Une fracture au sein du CPT
Dans une interview accordée à France 24, Leslie Voltaire a déclaré que seuls les départements de l’Ouest et de l’Artibonite étaient affectés par l’insécurité, ce qui permettrait d’organiser les élections dans les huit autres départements du pays. Il a ainsi réaffirmé la volonté du CPT de respecter son calendrier électoral en maintenant les scrutins pour novembre 2025.
Fanmi Lavalas, pour sa part, rejette catégoriquement cette approche et critique ouvertement l’idée d’organiser des élections sans avoir, au préalable, éradiqué l’insécurité généralisée qui gangrène le pays. Dans un communiqué publié le 2 février, le parti qualifie cette initiative de « mascarade politique » et met en garde contre des élections qui ne serviraient qu’à légitimer un processus « biaisé et corrompu ».
Un contexte sécuritaire préoccupant
L’opposition de Fanmi Lavalas repose sur une réalité alarmante : une insécurité grandissante qui affecte plusieurs régions du pays, en particulier la capitale et ses environs. Selon le parti, organiser des élections dans un pays où les gangs contrôlent des pans entiers du territoire est non seulement irréaliste, mais également dangereux.
« Tout citoyen a droit à une vie paisible chez lui, à la liberté de circulation, au droit de se nourrir, de recevoir des soins de santé et une éducation, ainsi qu’au droit d’empêcher que les gangs ne prennent totalement le pays », rappelle Fanmi Lavalas dans son communiqué.
Le parti insiste sur la nécessité de rétablir l’ordre avant toute consultation électorale et exhorte son représentant, Leslie Voltaire, à écouter la voix du peuple, qui, selon lui, exige la sécurité avant toute initiative politique.

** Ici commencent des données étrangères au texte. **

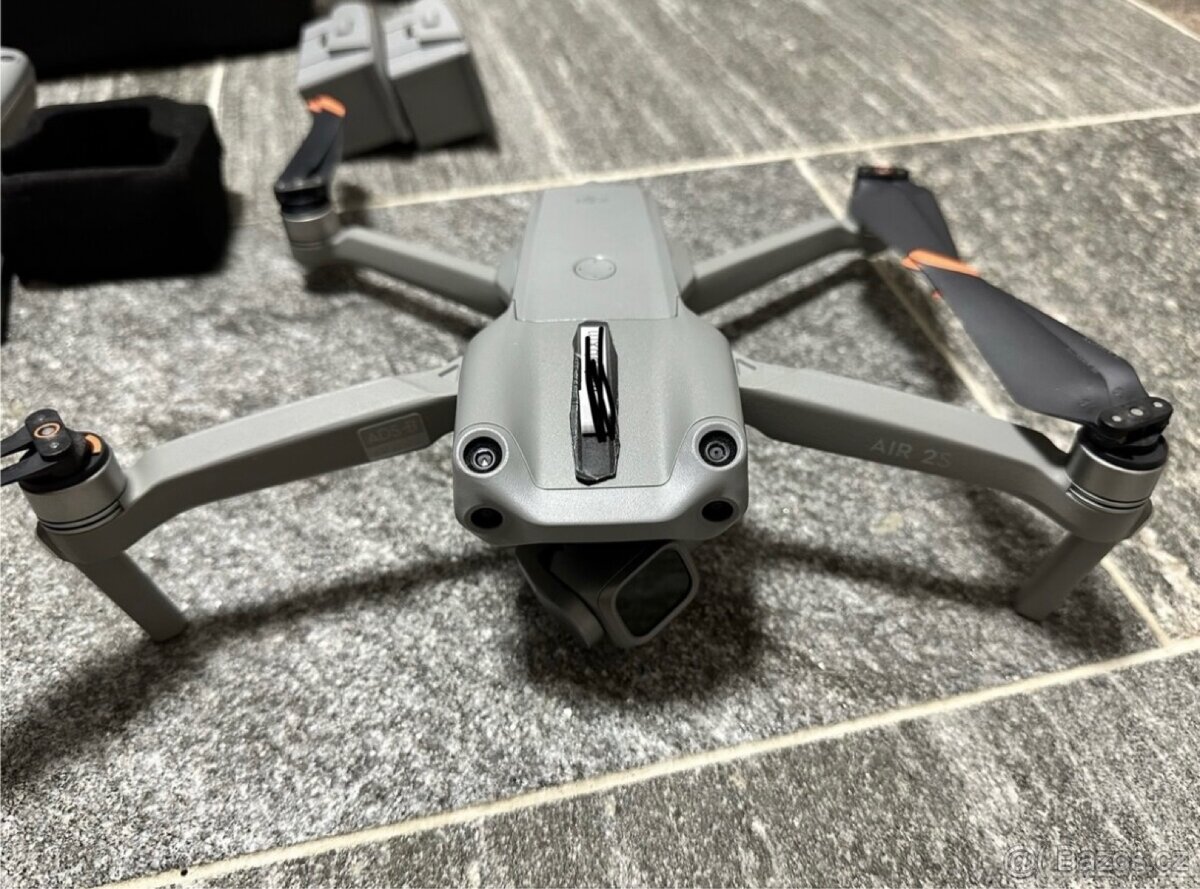 Dron DJI AIR 2S - 3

Des tensions croissantes dans la capitale
Alors que ce désaccord politique s’intensifie, la situation sur le terrain continue de se détériorer. À Port-au-Prince, la population est sur le qui-vive face aux menaces de nouvelles attaques de groupes armés. Ce climat de peur a conduit plusieurs entreprises à fermer leurs portes, tandis que certaines écoles ont suspendu leurs cours par mesure de précaution.
Face à cette montée des tensions, Fanmi Lavalas réclame des moyens supplémentaires pour la Police nationale haïtienne afin de reprendre le contrôle des zones sous influence des gangs.

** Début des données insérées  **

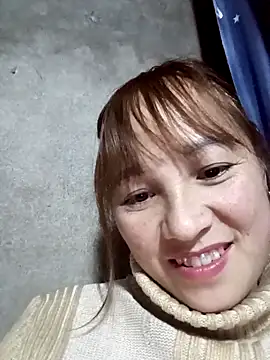 Snapshot of Mini3333 chatting on February 8, 1:14 pm Mini3333 online show from February 8, 1:14 pm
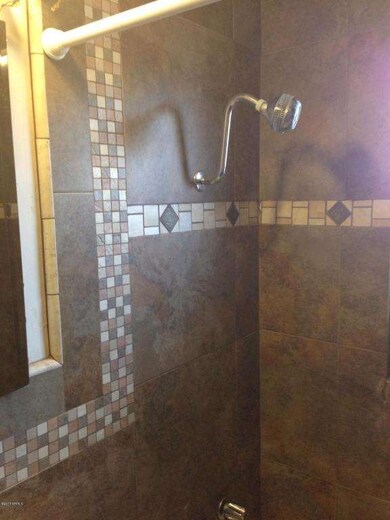 687 N Washington St, Chandler, AZ 85225 - photo 5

Quelle issue pour le processus électoral ?
Ce différend entre Fanmi Lavalas et son représentant au sein du CPT met en lumière les profondes divisions au sein du pouvoir de transition. D’un côté, Leslie Voltaire et une partie du CPT tentent de maintenir un calendrier électoral serré pour amorcer un retour à la normalité institutionnelle. De l’autre, Fanmi Lavalas et plusieurs acteurs politiques et sociaux estiment que la priorité doit être donnée à la sécurité avant d’envisager tout scrutin.
L’issue de ce bras de fer déterminera non seulement l’organisation des élections de novembre 2025, mais aussi la crédibilité du processus électoral dans un pays en proie à l’une des crises sécuritaires les plus graves de son histoire.